最後に、ハリス氏が最も強く訴えていた一つに、「トランプ氏は民主主義の破壊者だ」というものがありました。彼は独裁者になりうるとも。
確かに、私もトランプ氏にその傾向があると思います。プーチンやハンガリーのオルバン大統領と仲が良いのも、性格が比較的同じだからでしょう。
しかし、トランプ氏の支持者達にとっては民主党とハリス氏こそが民主主義の破壊者だと言う捉え方でした。アメリカがアメリカでなくなってしまう。アメリカを守るのは自分達だとも考えていたとも思います。
さらに、無党派層にとっては彼が独裁者かどうかはあまり問題ではありませんでした。①で取り上げたように、インフレを何とかしてほしい。生活が苦しい。それをどうにかしてくれる人はトランプ氏だと考えたのでしょう。

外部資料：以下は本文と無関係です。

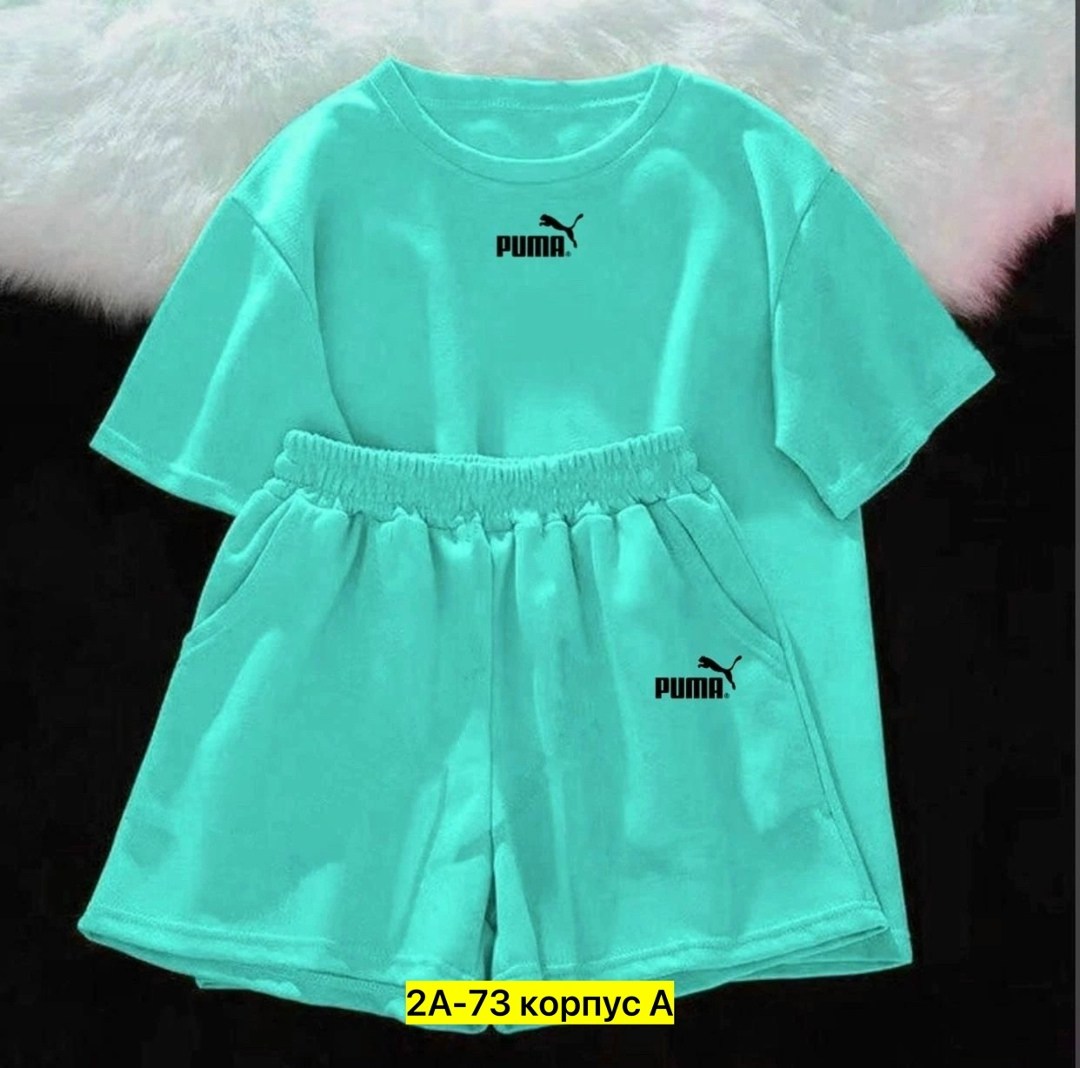костюм женский футболка,костюм женский с шортами,костюм женский,костюм спортивные женские костюмы,костюм женский шорты и футболка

少し前になりますが、日本でも「おにぎり食べたーい」というメモ書きを残して餓死した人物がおり、問題になりました。
北九州市生活保護受給者死亡事件(門司餓死事件)
https://ja.wikipedia.org/wiki/%E9%96%80%E5%8F%B8%E9%A4%93%E6%AD%BB%E4%BA%8B%E4%BB%B6
https://w.atwiki.jp/aniwotawiki/pages/28537.html
想像してみてください。貴方が飢死にしそうな時に候補者が来て「民主主義の危機です! 私に投票して下さい!」そう言われて、心に響きますか?
それよりも「お前を食わせてやる。減税して生活を今よりも楽にさせてやるよ。」そう言ってくれる候補に心が動くと思いませんか? その時、目の前の人物が独裁者かどうかなんて大きな問題にならないはずです。

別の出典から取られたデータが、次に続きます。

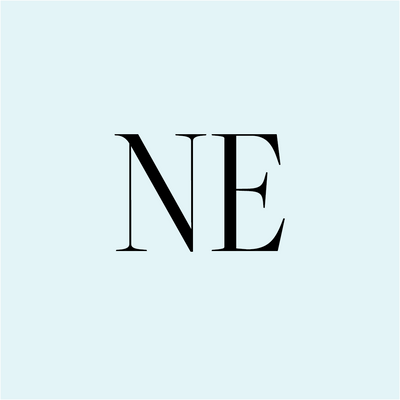 Nebraska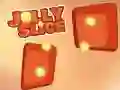 Spel Jelly Schijf online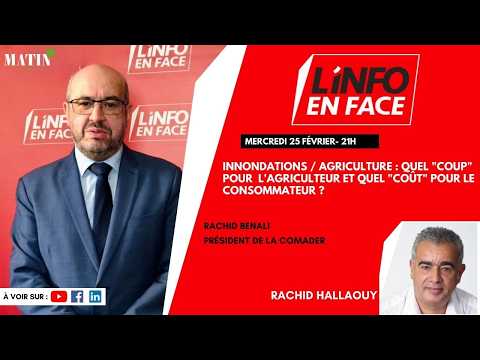 inondations-et-agriculture-:-rachid-benali-en-debat-a-linfo-en-face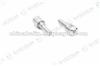 Diesel Injection Nozzle 0 433 171 779 DLLA147P1229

歴史を振り返れば、ヒトラーは第一次世界大戦でボロボロになり、ドイツ国民が悲惨な状況に置かれていることを利用して政権を奪取しました。アウトバーンの建設など雇用を重視して人々に職とパンを与えたからです。
架空の小説で申し訳ありませんが、銀河英雄伝説における同盟の帝国領侵攻作戦の時、解放した帝国領の臣民はラインハルトが焦土作戦を実施したため米粒一つ残っていない状況でした。それ故に、人々は同盟軍人にこう言いました。「政治的自由よりもまずは生きる権利をくれ。食べ物が無いんだ。」と。

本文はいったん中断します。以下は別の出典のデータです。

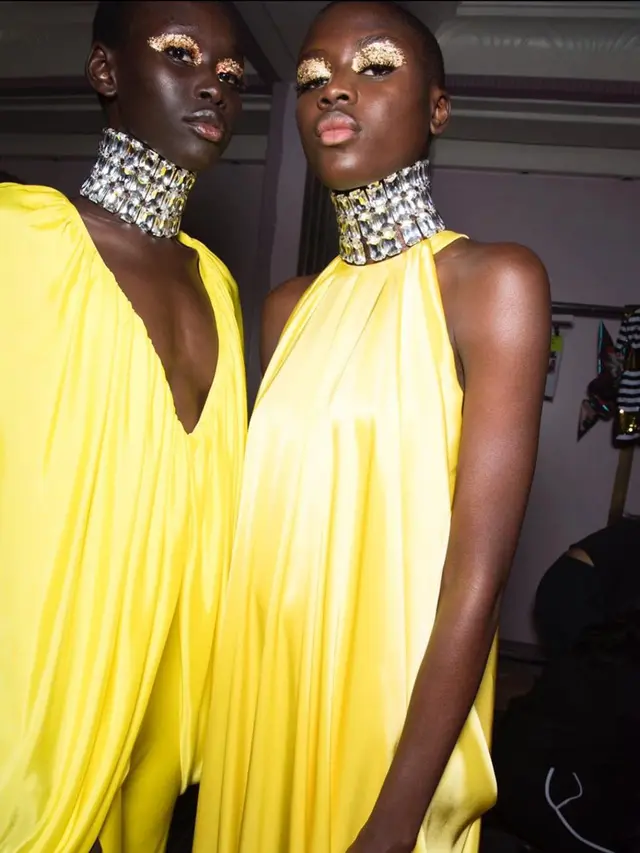 Instagram @halpernstudio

人々にとっては自分たちの政治的自由よりもまずは今日食べるパンを欲したのです。そしてそれは当然の反応です。衣食住足りて礼節を知る。まず衣食住が無いのに政治的自由なんて、人々の心に響かないのです。
民主党は民主主義を守ると言う理念を掲げましたが、その理念は今日と明日のパンという切実な現実に負けたのです。
④エリート層&富裕層と労働者層の意識の乖離。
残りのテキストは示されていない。